In 2010, fishermen in Oregon filed an antitrust class action lawsuit against Pacific, alleging that the company used unethical tactics based on their share of the market to drive down payouts to fishermen in Oregon, Washington, and California. Some fishermen compared Pacific's effect on the market to the Wal-Mart Effect in retail sales. However, on March 1, 2011, U.S. District Court Judge Owen Panner said the plaintiffs' attorney, Mike Haglund, failed to prove that Pacific has used its huge market share to suppress prices paid to fishermen. "The evidence presented... does not support plaintiffs' allegation," Panner wrote in the ruling. "Instead, the evidence indicates that since 2006 defendants' combined operations have expanded the market for whiting. Each year since 2006 (other than 2009, when there was a worldwide recession), defendants have been paying fishermen significantly higher prices for whiting, with record prices paid in 2008."
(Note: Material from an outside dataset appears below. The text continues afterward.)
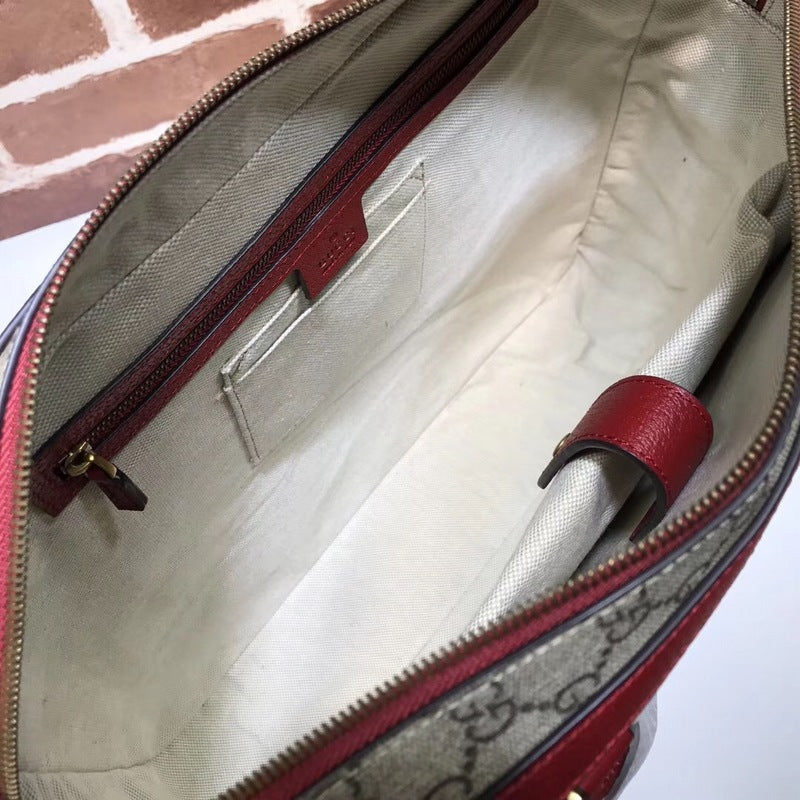 Luxe Touch Bags 

 - LTB Bags - 1239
In March 2023, a commercial crab fisherman named Brand Little filed a class-action price-fixing lawsuit against Pacific, alleging that he and 1,400 other crabbers in California, Oregon, and Washington were forced to accept lower prices for crab due to anticompetitive behavior by Pacific involving a "multipronged strategy of monopsonization, coercion, dumping, and secret deals." In May 2023, Pacific filed a motion to dismiss the lawsuit. In May 2024, U.S. Magistrate Court Judge Alex G. Tse granted Pacific's motion to dismiss the case, ruling that Little had not sufficiently proven his claims, but giving Little the opportunity to amend most of his claims by 20 August 2024.